昨日のニューヨーク外国為替市場でドル円は続伸。イラン情勢を巡る不透明感を背景に、原油高・株安・ドル高が先行。米インフレ指標の上振れを受けてドル買いが優勢になると、一時157.76円と日通し高値を更新した。米労働省が発表した4月米消費者物価指数(CPI)が予想を上回り、ユーロドルは1.1722ドルまで弱含み、ユーロ円は185.00円を挟んだもみ合いに終始した。

 ドル円は昨日の15時前に157円後半から156円後半まで1円近く急落する場面が見られた。まとまったドル売り・円買いのフローが入ったかもしれないが、小規模の介入が入った可能性も否定できない。4月末からゴールデンウイークに見られた複数回の値動きに比べると値幅は大きくなかったが、日本当局の介入警戒感で市場は引き続き神経を尖らせている。

 昨日、片山財務相や高市首相と会談を行ったベッセント米財務長官は、過度な為替変動は望ましくないとし、財務省と緊密に連携を取っていくと強調した。また、日本の金融政策に関し、「コミュニケーションを密にすることが成功につながる」と述べた。片山財務相も足元の為替について日米間でよく連携できていると述べ、金融政策の具体的手法は日本銀行にあると発言した。

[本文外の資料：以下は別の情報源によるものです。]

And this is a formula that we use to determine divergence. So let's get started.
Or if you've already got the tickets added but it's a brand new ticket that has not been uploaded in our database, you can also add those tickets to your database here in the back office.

 ドル円の上昇トレンドに変化はなく、当面は日本当局のドル売り・円買い介入を警戒しながらの相場が続きそうだ。目先は介入観測があった6日の高値157.94円がレジスタンスとして意識されやすい。昨日に発表された4月米消費者物価指数(CPI)は前年比+3.8%と前月から予想以上に伸びが加速し、2023年5月以来の大幅な上昇となった。先週末に発表された4月米非農業部門雇用者数が市場予想を大きく上回ったことも背景に、米連邦準備理事会(FRB)は来年まで金利を据え置くとの見方が強まりつつある。

 大規模な介入が必要になるほど円に売り圧力がかかっているのが現状である。これは投機筋による動きもあるが、現在のドル高・円安は主に「日米の根本的なファンダメンタルズの差」であるとの指摘も少なくない。国際市場では日本の財政規律への懐疑的な視線があり、「円売り・日本国債売り」の動きには今後も警戒を要する。